Desulfobacteraceae

Scientific classification
- Domain: Bacteria
- Kingdom: Pseudomonadati
- Phylum: Thermodesulfobacteriota
- Class: Desulfobacteria
- Order: Desulfobacterales
- Family: Desulfobacteraceae Kuever, Rainey & Widdel 2006
- Genera: "Algorimarina"; Desulfobacter; Desulfobacula; Desulfobotulus; Desulfocella; Desulfocicer; Desulfoconvexum; Desulfofaba; Desulforapulum; Desulfospira; Desulfotignum;

= Desulfobacteraceae =

Family of bacteria

The Desulfobacteraceae are a family of Thermodesulfobacteriota. They reduce sulfates to sulfides to obtain energy and are strictly anaerobic. They have a respiratory and fermentative type of metabolism. Some species are chemolithotrophic and use inorganic materials to obtain energy and use hydrogen as their electron donor.

== Biology and biochemistry ==

=== Morphology ===
Desulfobacteraceae vary widely in shape and size across the family.

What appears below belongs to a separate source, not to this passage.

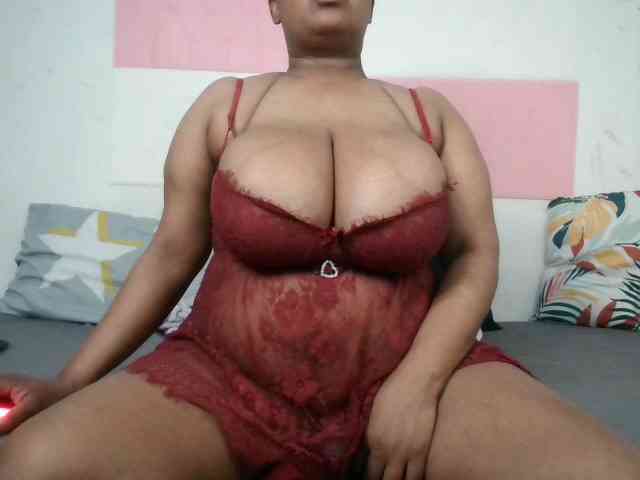 BIGTITTISXX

Genera and species of Desulfobacteraceae may only be definitively distinguished by analysis of 16S rDNA sequences, but certain genera may be determined through physiological characteristics alone. Desulfofrigus displays an optimal growth rate at very low temperatures compared to other sulfate reducing bacteria. It is also unable to grow in the presence of propionate.

=== Metabolism ===
Most species of Desulfobacteraceae use sulfur compounds as their main energy source. The most common source used is sulfate which, through metabolic processes, is reduced to sulfide. In an environment with little or no sulfate, sulfite or elemental sulfur may also be used and reduced into sulfide. In rare cases nitrate may also be used as a food source and reduced into ammonia. They have very efficient sulfate reduction rates (between 12 and 423 mu mol/dm^{3} day^{−1}) in optimal conditions.

== Habitat ==
Desulfobacteraceae may be found in a range of locations but are most often found in saline and hypersaline waters including salt lakes and the ocean. They have also been found in polar ice in Antarctica. They may be found trapped within ice, floating within the water column, or living on or in other organisms such as sea sponges.

==Phylogeny==
The currently accepted taxonomy is based on the List of Prokaryotic names with Standing in Nomenclature (LPSN) and National Center for Biotechnology Information (NCBI).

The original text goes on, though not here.